Do I have proof she was out to harm my children? Nope. But whatever she was doing, it was inappropriate and too personal for my liking. I never want to live in fear, but I DO take serious precautions while in public with my kids. It’s not just men we need to be on the lookout for.
I realize this type of information can help others. The following points are things we talk about at home, including precautions we take in public. Some of these are common sense, some more intense, but you can never be too careful.
1. NEVER let a child use the restroom alone. (I don’t even allow this at church )
2. Inform your children that an adult should NEVER be asking them for help finding something, lifting something. Huge red flag!
3. Inform your children that an adult should never try to get you to get in their vehicle saying things like, “Your Mom is running late. She told me to take you home.” Or any similar conversation.
4. One point I hate to add in, but I recently said this to my children: “If someone is trying to get you in their vehicle and threatens to hurt me, your siblings, your friends, or your family if you do not comply, know this is just to try to scare you.

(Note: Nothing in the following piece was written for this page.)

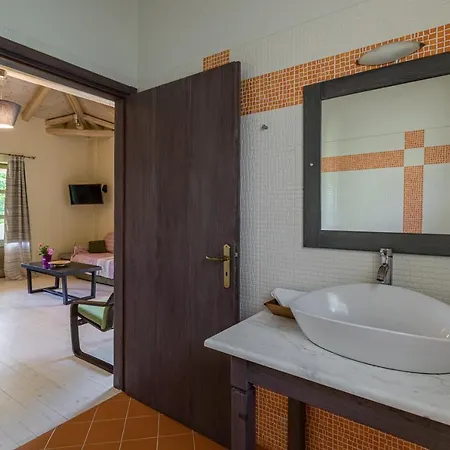 Tria Luxury Residences Casa de Férias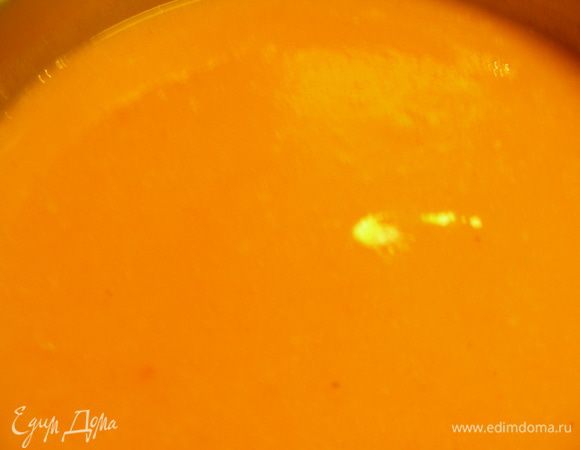 Добавляем помидоры в суп и блендером взбиваем его в пюре. 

DO NOT think about what they would do to someone else. YOU RUN. In the case that you are grabbed, you kick them straight in the groin, and run.”
5. If my toddler is in the shopping cart (I usually baby wear to avoid this), I keep my hand on him the entire shopping trip. Turning around, hand on baby. Picking up an item, hand on baby.

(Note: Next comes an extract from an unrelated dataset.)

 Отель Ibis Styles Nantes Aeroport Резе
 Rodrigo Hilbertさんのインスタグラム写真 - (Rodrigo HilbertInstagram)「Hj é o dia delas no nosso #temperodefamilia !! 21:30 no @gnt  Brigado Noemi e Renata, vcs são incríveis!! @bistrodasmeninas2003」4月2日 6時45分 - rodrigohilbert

6. When loading groceries, this is how I protect the kids from being taken: Hold the baby at all times while loading the groceries. Unlock the van door and load the big kids into their seats, open the back of the van to load groceries. LOCK the van while I’m loading the groceries. I have the keys in MY hand like an upside down V, ready to punch anyone straight in the eyes that comes at me. Close the back. Get into the van with the baby, lock again. Climb to the back to buckle up the baby, all while safe inside the locked van. This may sound extreme, but its such a chaotic time that predators are looking for frazzled and distracted moms. There is no way something can steal your vehicle without your keys or access to the front.
7. If I have my older children with me during an outing, we all hold hands. If I have a shopping cart, they know to hold onto the cart the entire time. No one runs off.
While I am teaching my children safety, I am also teaching them grace, kindness, respect and love for all people. Many of you after reading this may feel that I am a drill sergeant, or that my children don’t have much freedom. That’s far from my parenting style.
Unfortunately in this world we live in there are bad people who target women and children. It’s my job as a mother to be informed, and to live an informed life. What does that mean? Well, if you are informed, it’s your job to act like it. While we, as parents, have many duties and responsibilities, our number one priority is to protect our children from harm. Physical, Sexual, Mental, Verbal. All of it.
I am also teaching them a lot about grace. I tell them to give people the benefit of the doubt. I remind them what it’s like to make a bad choice after having a difficult day. These things are different from someone directly trying to harm you. I am teaching them the difference. I am showing them the line between blatant choices to harm, and inadvertently causing hurt feelings or strife.
People can be forgiven for poor choices or actions, but as for my children’s safety – I’ll kick your ass before you harm my babies!